### Supplied material
━━━━━━━━━━━━━━━━━━━━

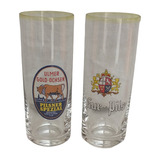 Antiguos 2 Vasos De Colección Cerveza Largos Bellos Cristal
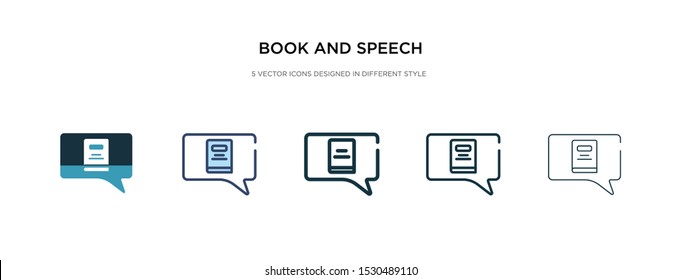 book and speech bubble icon in different style vector illustration. two colored and black book and speech bubble vector icons designed in filled, outline, line stroke style can be used for web,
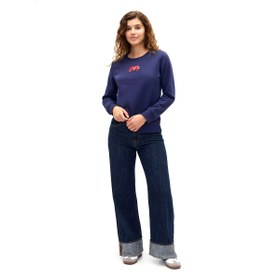 Resim GAP Relaxed Logo Kadın Lacivert Günlük Stil Eşofman Üstü 800444002 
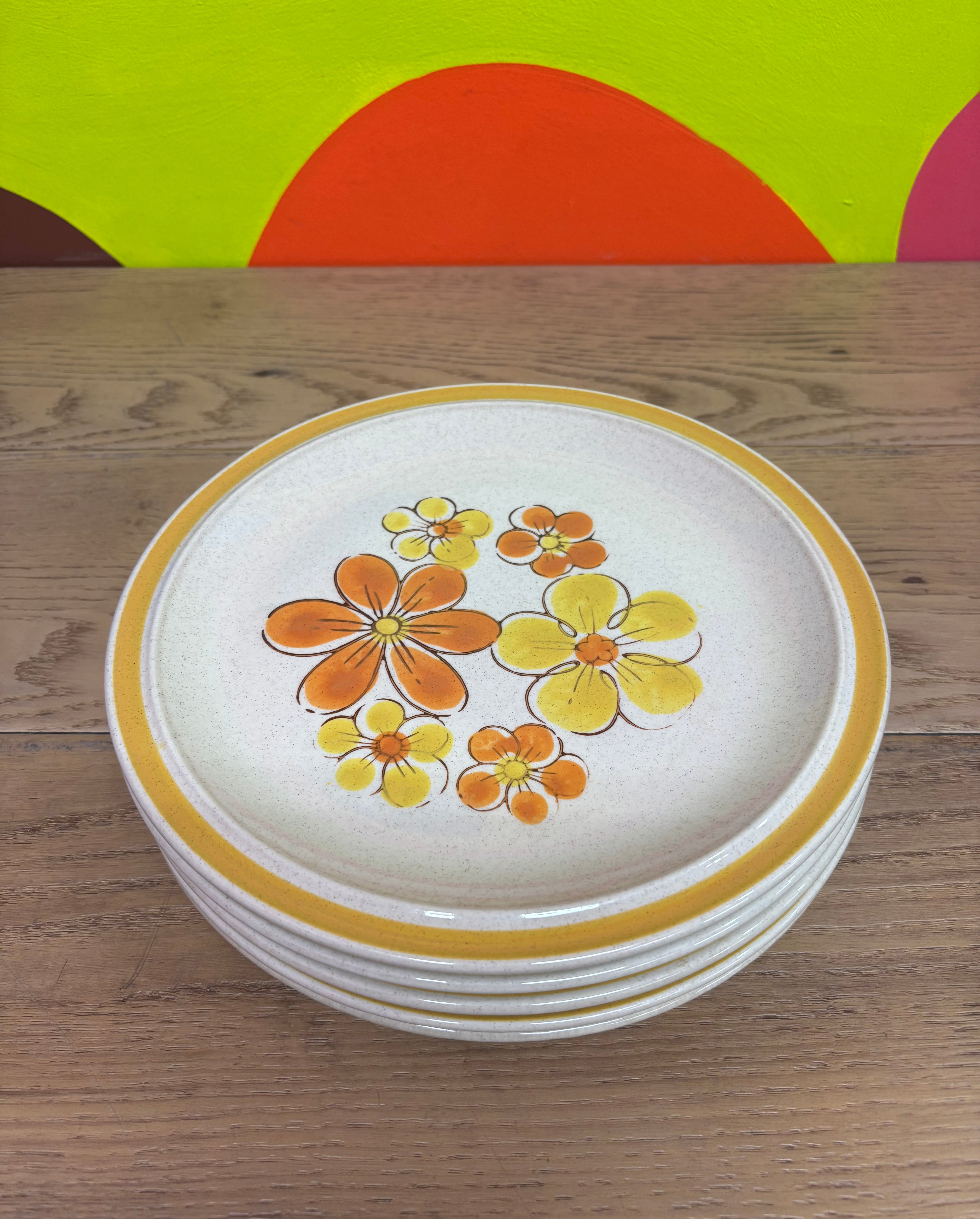 Set of 5 Floral Dinner Plates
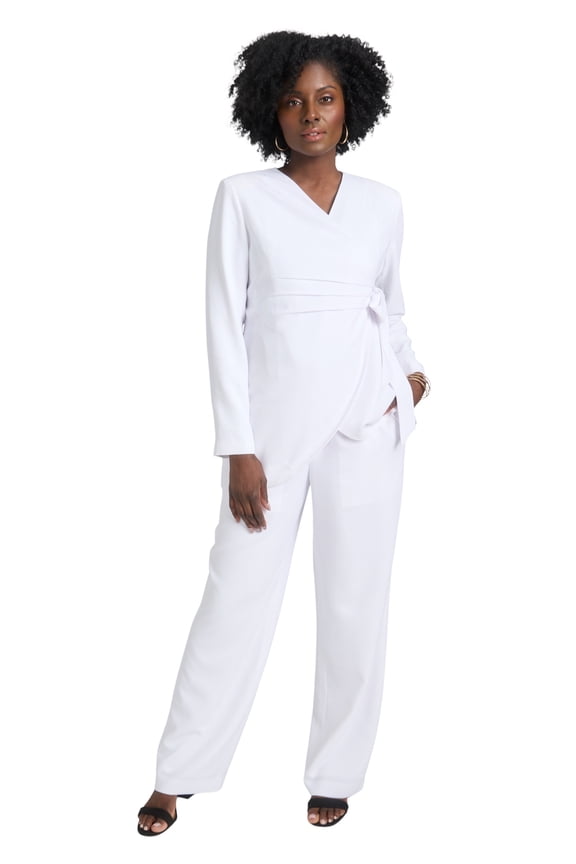 Women's Plus Size 2-Piece Faux Wrap Pantsuit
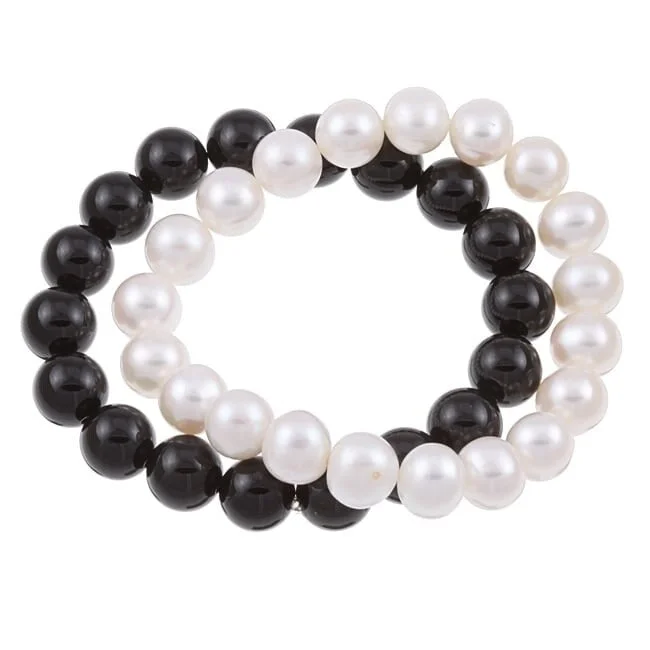 Forged cuff bracelet-DaVonna White FW Pearl and Black Onyx 2 7-inch Stretch Bracelets (9-10 mm)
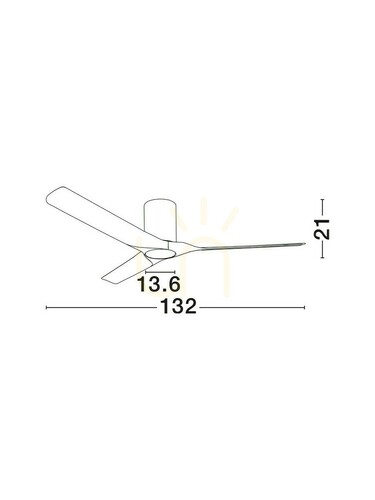 Prüfen Deckenventilator mit LED-Licht Luces Exclusivas ALGEMES LE45790, ø132 cm, 3 Flügel, Holz und Weiß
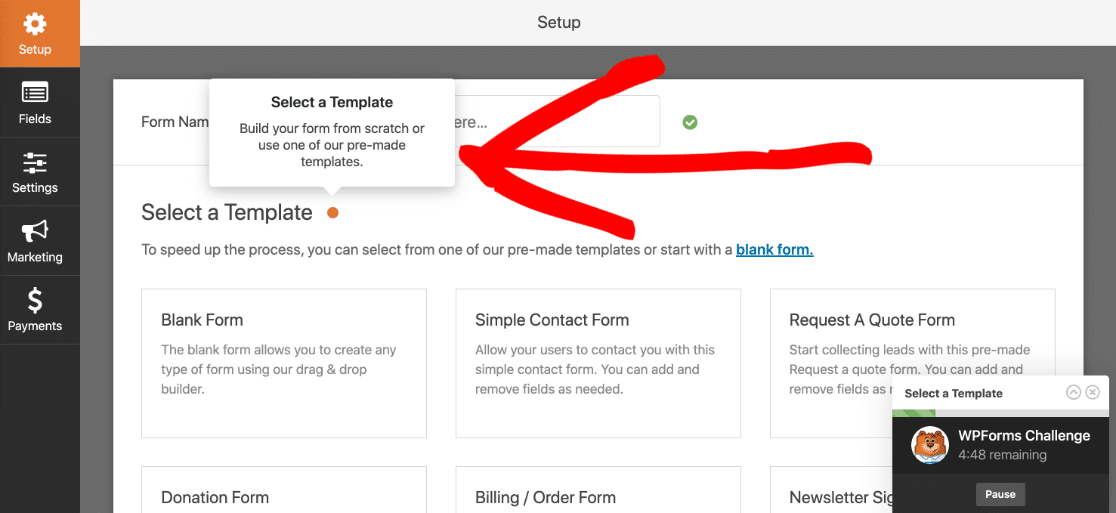 WPForms 챌린지에서 템플릿 선택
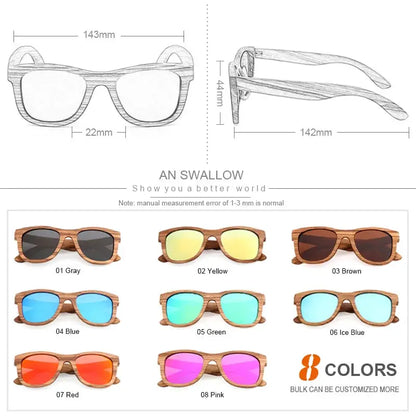 AN SWALLOW Retro Polarized Zebra Wood Sunglasses UV400 Luxury Brand Design Sunglasses Men Handmade Wooden Sun Glasses Women by All Mart Bristol Ltd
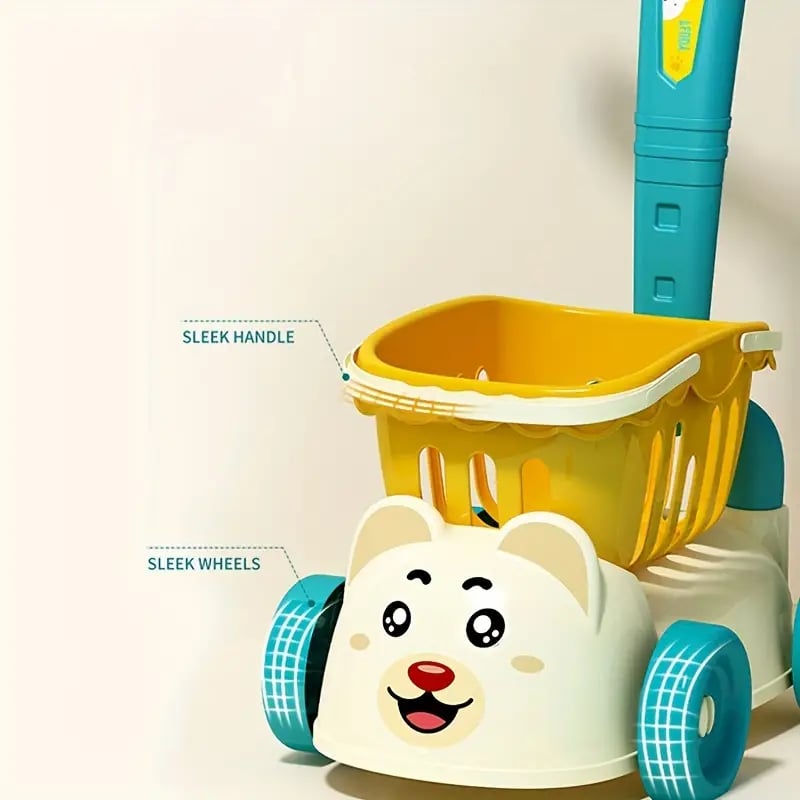  Kids' Mini Supermarket Shopping Cart, Baby Push Cart, Fruits Vegetables Cutting Game -C28 \ E543661 - Image 4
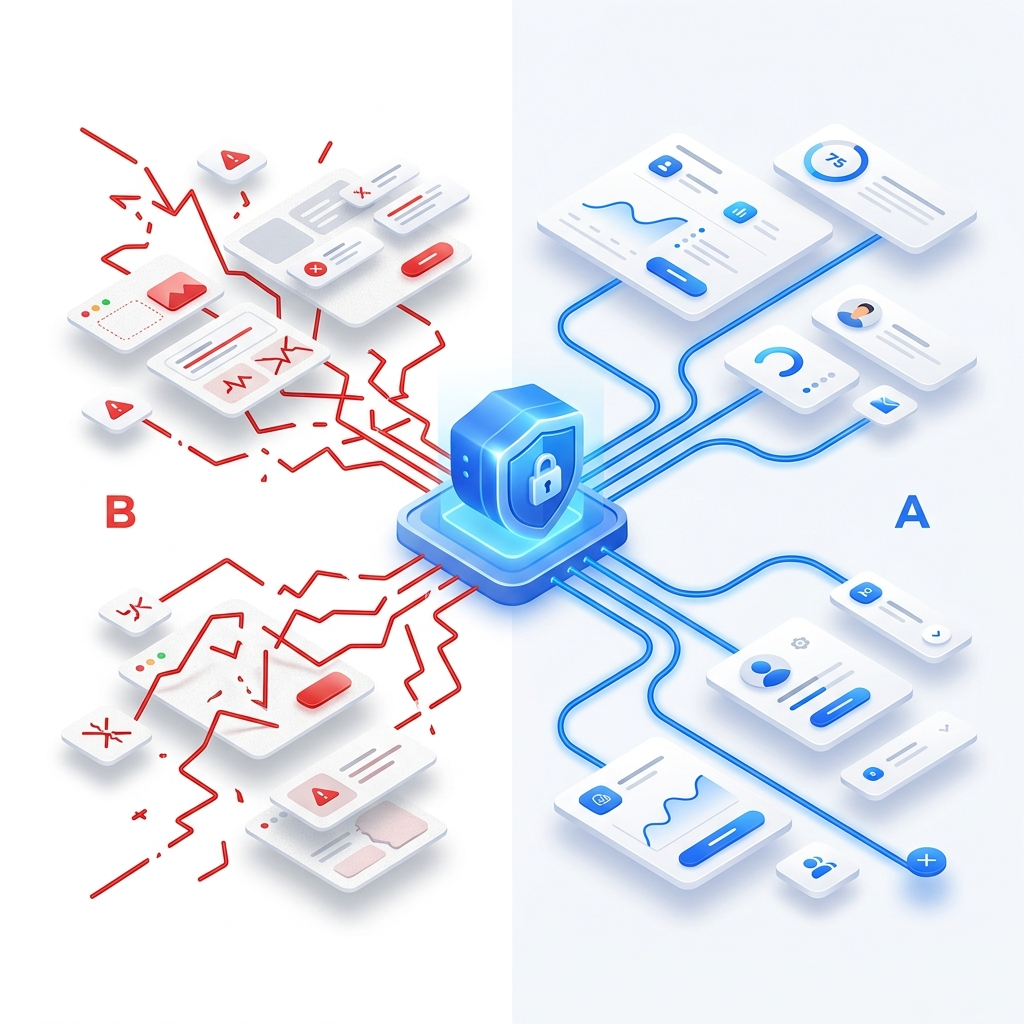 Comparison of chaotic client-side tracking vs clean server-side identity flow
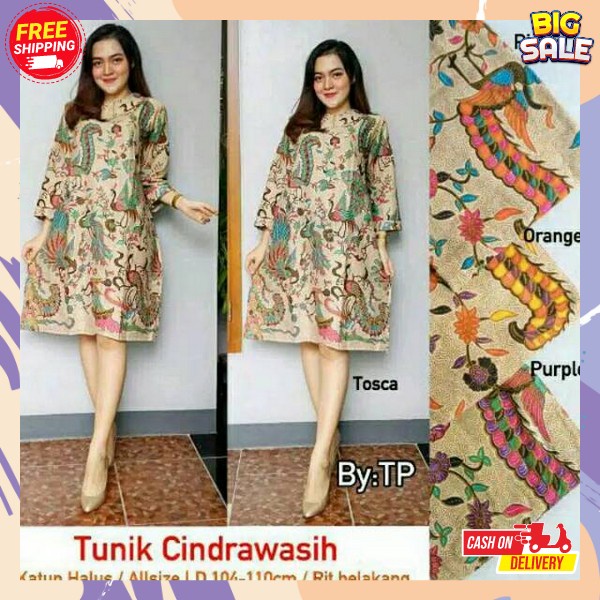 Dress Batk Size M,L,Xl Pakaian Batuk Perempuan Driss Motif Bstik Lengan Panjang Pendek Dres Wanita F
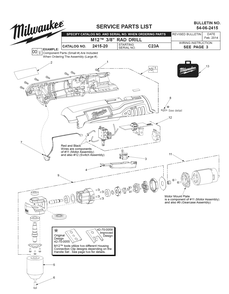 Part Location Diagram of 23-66-2980 Milwaukee Switch Assembly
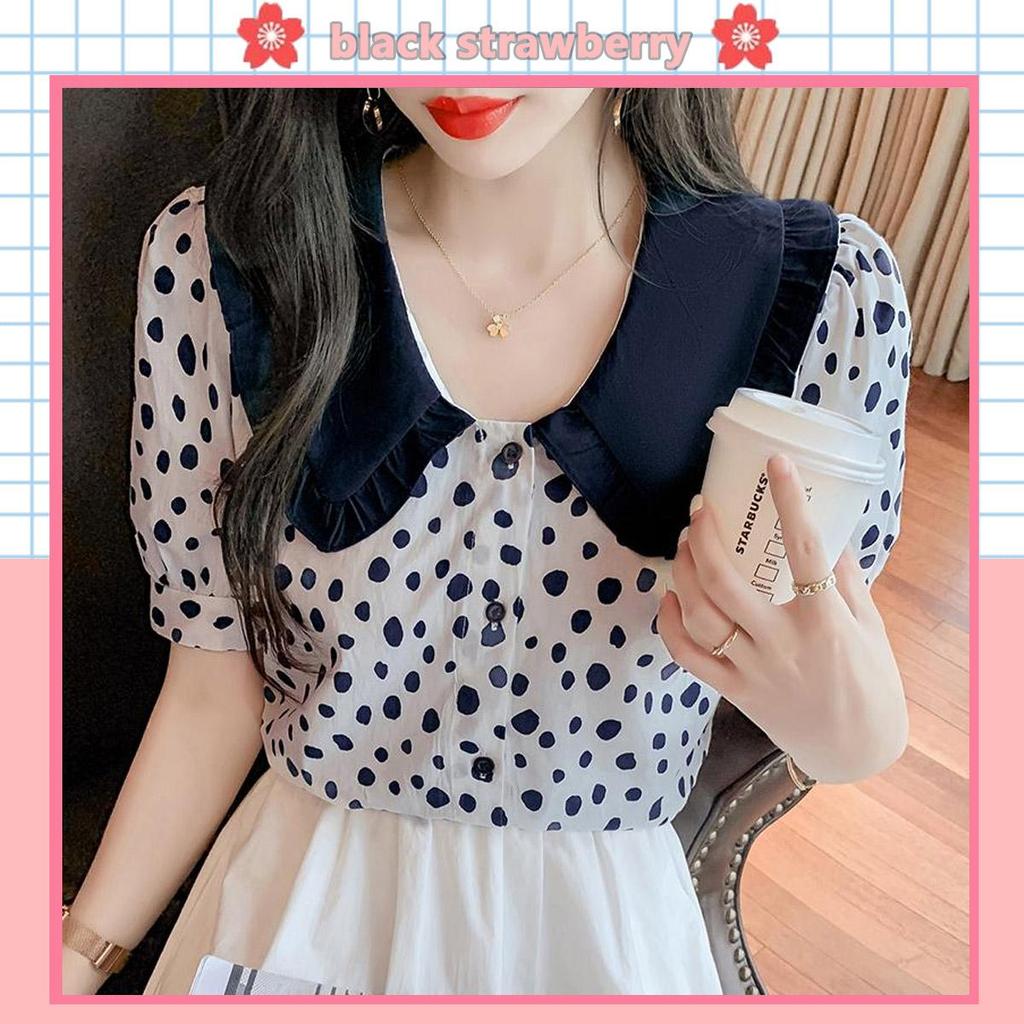 Black#เสื้อเชิ้ตลายจุดแขนสั้น คอระบาย แนวเกาหลี ไซส์ M-2XL ผ้าบาง ระบายอากาศดี เทศกาลสาดน้ำ “w366”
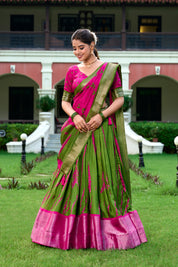 Pink Tussar Silk Lehenga Choli with Shibori Print With Zari Weaving Border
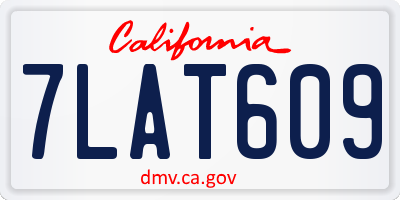 CA license plate 7LAT609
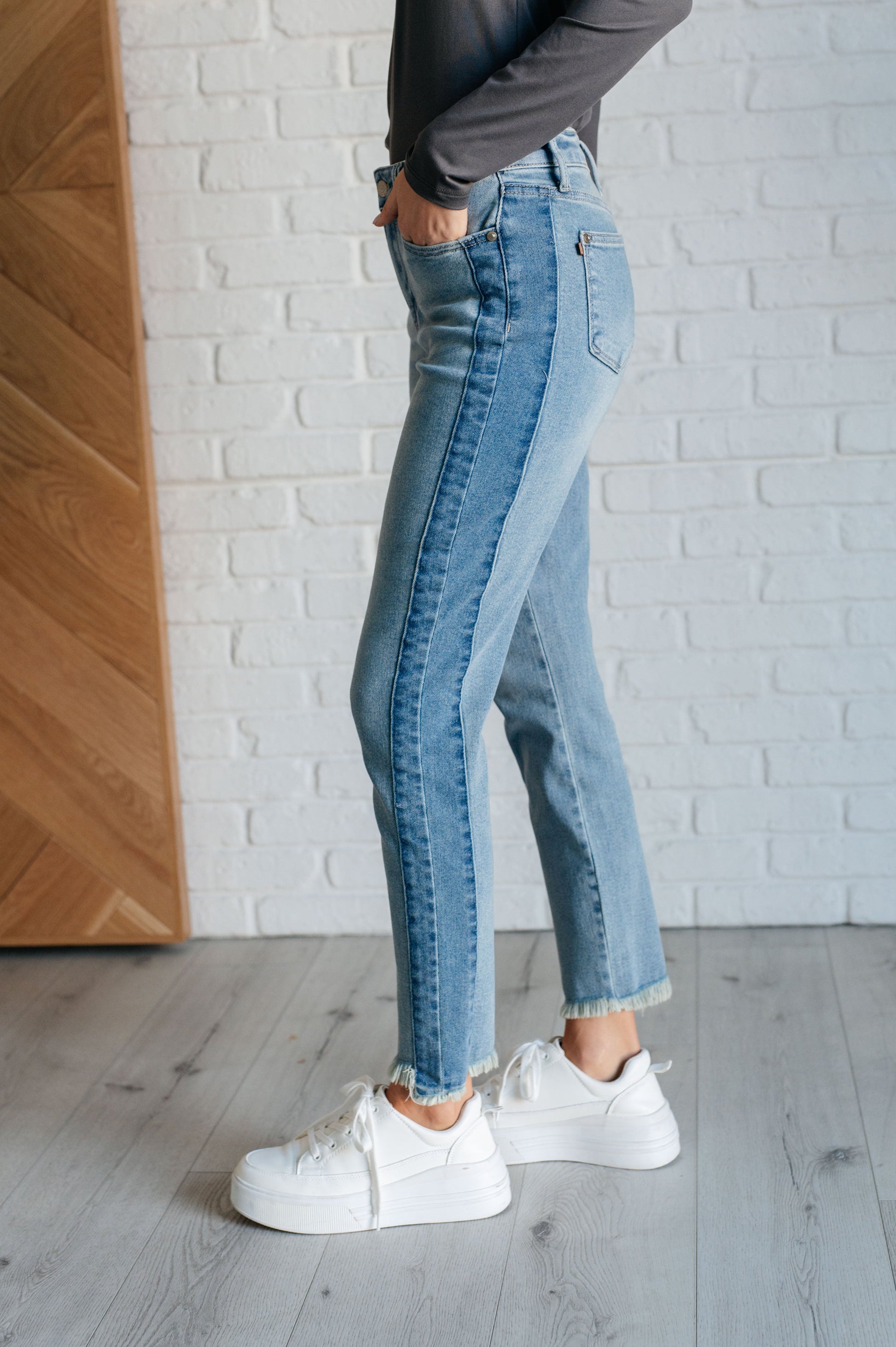 Susan High Rise Side Panel Detail Slim Jeans - - Denim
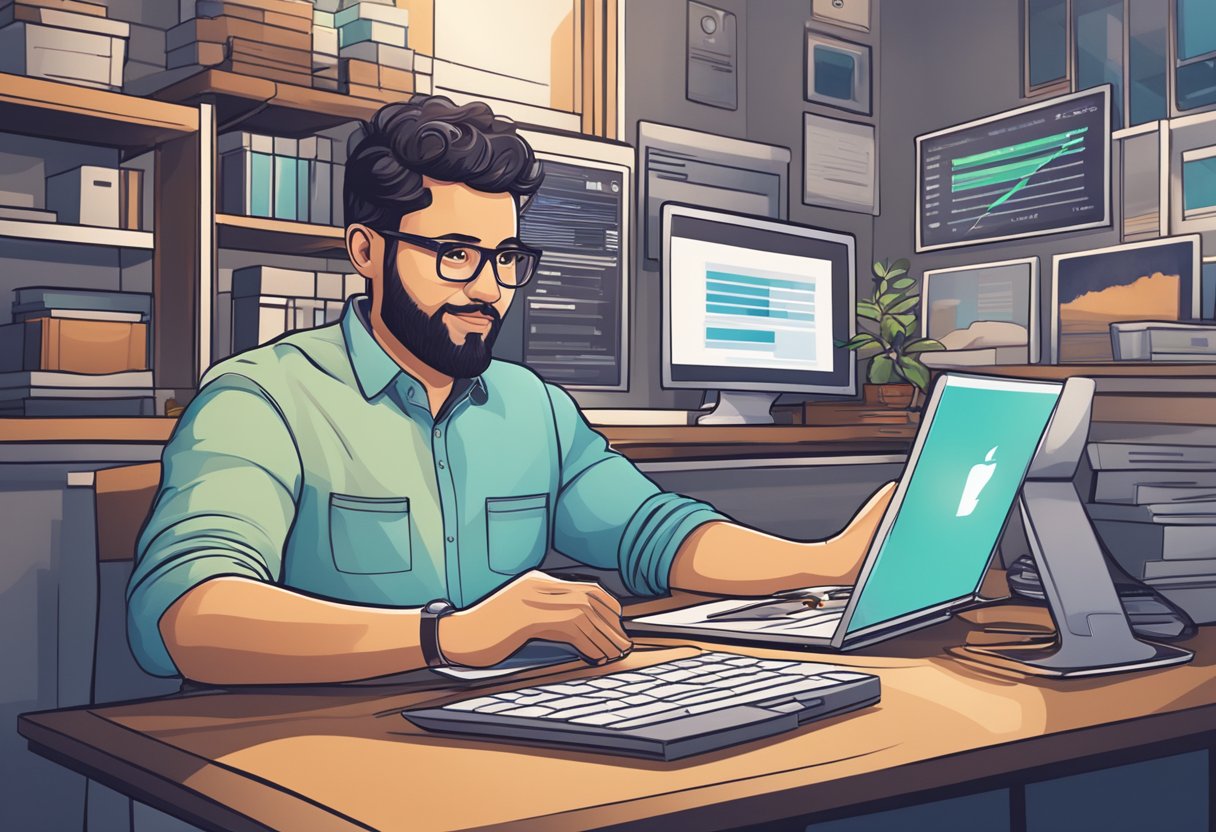A small business owner uses technology to enhance marketing strategies, including social media, email campaigns, and data analytics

━━━━━━━━━━━━━━━━━━━━

### Required work
Nothing but the lines above from the line with "Forged cuff bracelet-DaVonna" up to and including the line with "Comparison of chaotic" should be returned, exactly as written and without pictures.

### Solution
 Forged cuff bracelet-DaVonna White FW Pearl and Black Onyx 2 7-inch Stretch Bracelets (9-10 mm)
 Prüfen Deckenventilator mit LED-Licht Luces Exclusivas ALGEMES LE45790, ø132 cm, 3 Flügel, Holz und Weiß
 WPForms 챌린지에서 템플릿 선택
 AN SWALLOW Retro Polarized Zebra Wood Sunglasses UV400 Luxury Brand Design Sunglasses Men Handmade Wooden Sun Glasses Women by All Mart Bristol Ltd
  Kids' Mini Supermarket Shopping Cart, Baby Push Cart, Fruits Vegetables Cutting Game -C28 \ E543661 - Image 4
 Comparison of chaotic client-side tracking vs clean server-side identity flow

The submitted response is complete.